— Description of the task —
Please give back, exactly as written, the lines from the line with "Клавіатура HyperX Alloy" to the line with "Lifetime Samplers &" in the listing below, leaving out all pictures.

#### Entries provided ####

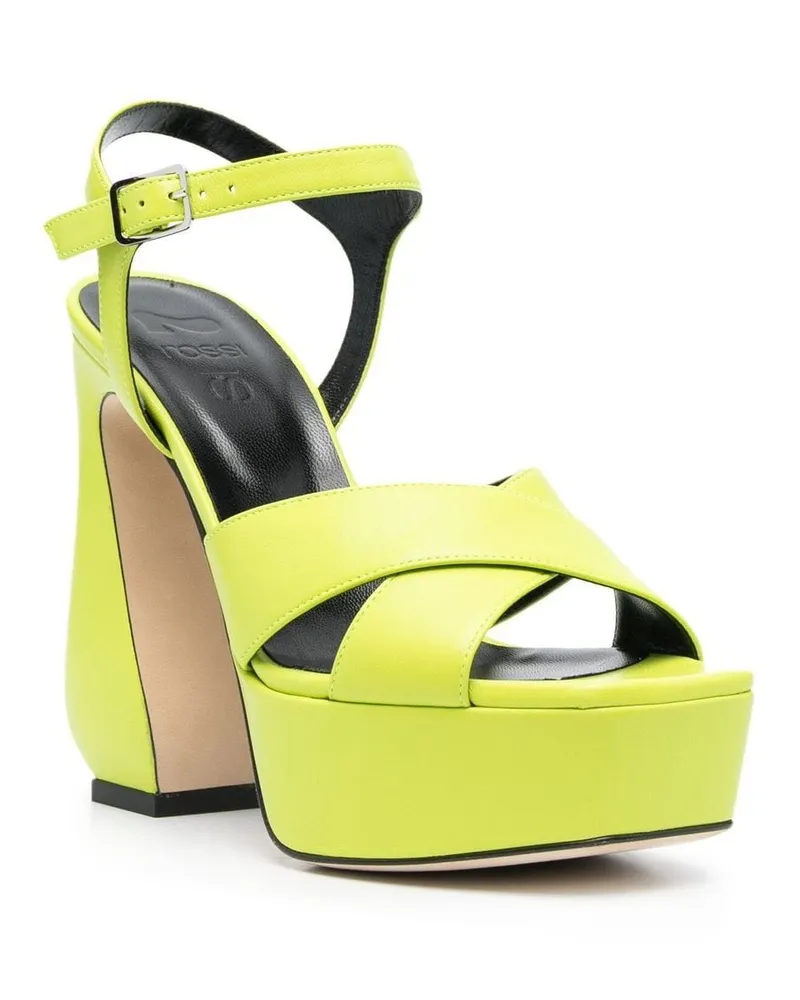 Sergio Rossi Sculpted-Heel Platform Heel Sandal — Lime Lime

####
#### Entries provided ####

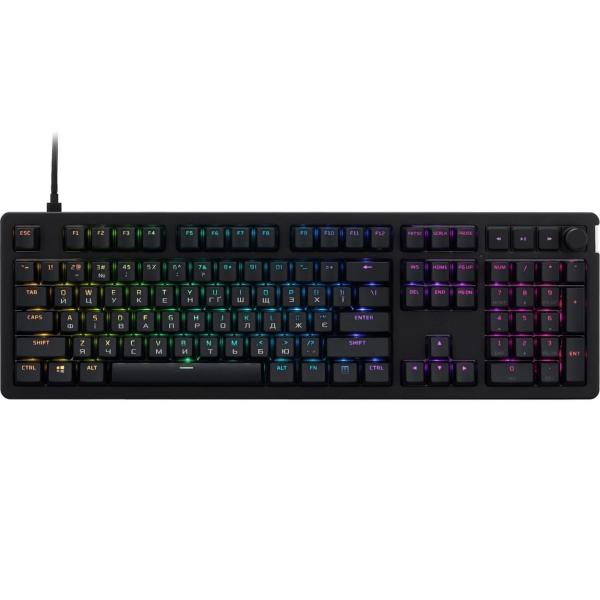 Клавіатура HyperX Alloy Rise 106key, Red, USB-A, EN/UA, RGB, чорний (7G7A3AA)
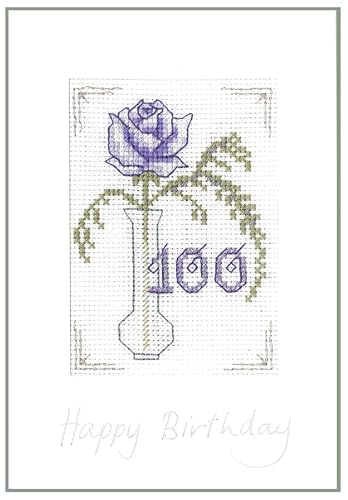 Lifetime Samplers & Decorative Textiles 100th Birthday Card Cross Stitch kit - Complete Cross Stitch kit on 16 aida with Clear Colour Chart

####

— Exercise output —
 Клавіатура HyperX Alloy Rise 106key, Red, USB-A, EN/UA, RGB, чорний (7G7A3AA)
 Lifetime Samplers & Decorative Textiles 100th Birthday Card Cross Stitch kit - Complete Cross Stitch kit on 16 aida with Clear Colour Chart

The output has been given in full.